==== GIVEN ENTRIES

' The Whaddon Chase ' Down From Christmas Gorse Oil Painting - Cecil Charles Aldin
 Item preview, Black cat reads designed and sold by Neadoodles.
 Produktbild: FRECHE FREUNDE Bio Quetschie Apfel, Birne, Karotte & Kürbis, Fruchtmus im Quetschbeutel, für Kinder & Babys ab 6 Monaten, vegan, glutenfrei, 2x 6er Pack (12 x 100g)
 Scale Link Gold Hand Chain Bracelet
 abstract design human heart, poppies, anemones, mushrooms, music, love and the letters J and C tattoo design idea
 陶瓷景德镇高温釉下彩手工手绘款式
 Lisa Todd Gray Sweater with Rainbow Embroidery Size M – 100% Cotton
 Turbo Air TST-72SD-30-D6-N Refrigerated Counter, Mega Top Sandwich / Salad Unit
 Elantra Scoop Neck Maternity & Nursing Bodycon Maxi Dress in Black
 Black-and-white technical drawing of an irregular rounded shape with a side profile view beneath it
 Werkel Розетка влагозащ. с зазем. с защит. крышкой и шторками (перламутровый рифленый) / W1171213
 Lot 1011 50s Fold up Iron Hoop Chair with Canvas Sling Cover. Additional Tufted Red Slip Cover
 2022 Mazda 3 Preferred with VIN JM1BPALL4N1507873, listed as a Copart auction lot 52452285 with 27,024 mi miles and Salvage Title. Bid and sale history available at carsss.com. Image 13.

========

• WORK REQUEST
Starting at the line that contains "abstract design human", write out every line through the last one in the data above, exactly as it stands.

• EXERCISE RESULT
 abstract design human heart, poppies, anemones, mushrooms, music, love and the letters J and C tattoo design idea
 陶瓷景德镇高温釉下彩手工手绘款式
 Lisa Todd Gray Sweater with Rainbow Embroidery Size M – 100% Cotton
 Turbo Air TST-72SD-30-D6-N Refrigerated Counter, Mega Top Sandwich / Salad Unit
 Elantra Scoop Neck Maternity & Nursing Bodycon Maxi Dress in Black
 Black-and-white technical drawing of an irregular rounded shape with a side profile view beneath it
 Werkel Розетка влагозащ. с зазем. с защит. крышкой и шторками (перламутровый рифленый) / W1171213
 Lot 1011 50s Fold up Iron Hoop Chair with Canvas Sling Cover. Additional Tufted Red Slip Cover
 2022 Mazda 3 Preferred with VIN JM1BPALL4N1507873, listed as a Copart auction lot 52452285 with 27,024 mi miles and Salvage Title. Bid and sale history available at carsss.com. Image 13.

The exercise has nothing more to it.